Monday, January 28, 2008

Democratic voter turnout in South Carolina

One thing I really found most remarkable from the primary in South Carolina was the level of Democratic voter turnout. Here is Steve Benen's comment on it.
Consider this tidbit: Hillary Clinton was trounced by Barack Obama yesterday, but her vote total was almost identical to John McCain’s vote total in the Republican primary — and he won. This, in one of the most reliably right-wing states in the Union.
I have been looking for someone to publish a good post-election voter poll to tell me what the demographics of the vote were, but the turnout appears to result from a combination of voter objection to Republican policies, Barack Obama's personal charisma, the strong press coverage of the competition between Hillary and Obama, Black and liberal White turnout for the first ever serious African-American Presidential contender with a possibility to reach the White House, and Obama's very effective get-out-the-vote effort. Some decent specific poll numbers from a good exit poll would clarify which of those factors were significant and which were not. Overall, though, the high turnout looks like a strong indicator of complete voter rejection of the conservative movement.

Race, interestingly, does not appear to have been Obama's strongest draw. Here is Steve Benen's description of the race issue as it effected the Primary:
As for all the talk about race, there were some polls in the last few days showing Obama’s support dropping to just 10% of white South Carolinians.

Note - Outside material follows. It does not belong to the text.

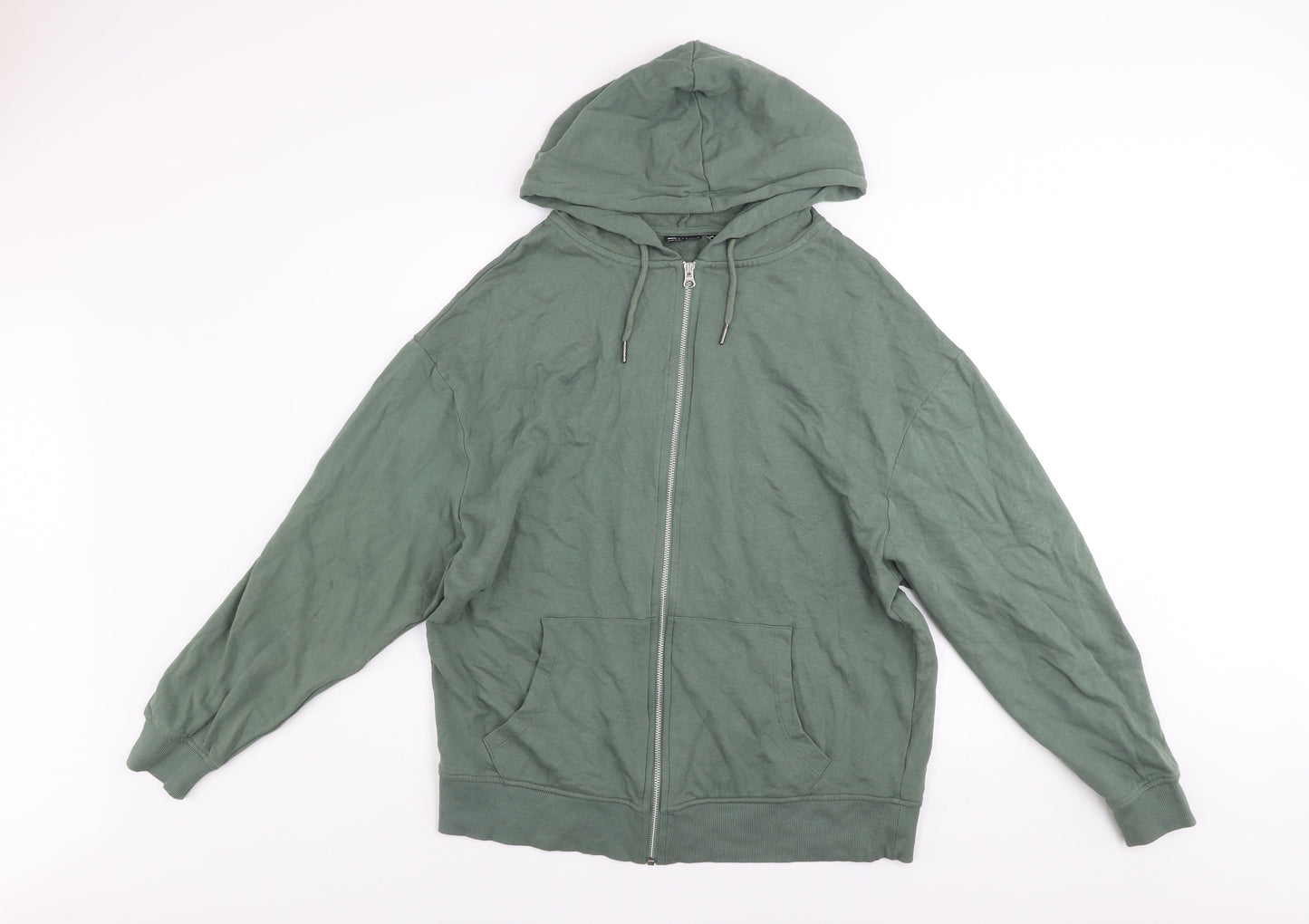Womens UK Size 8 ASOS DESIGN Green Gym & Training Walking Casual Jacket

The reality proved to be far different — Obama over-performed among white voters, winning a clear majority of younger whites and tying Clinton among white men.
So obviously race was significant - how could it not be, in this nation so bedeviled by Racism for 400 years - but it was not the decisive factor. Besides the extremely high turnout in the Democratic primary, this is probably the best news South Carolina has given us.

Super Tuesday is going to give some really good figures that can be used to predict the November election, but Saturday's South Carolina Primary looks really good for the Democratic Party.


Totally off-topic, but I do wonder if Blogger's spell checker will ever start recognizing Obama's name and not flagging it as a possible misspelling. All it would take is adding "Barack" and "Obama" to the dictionary the computer uses.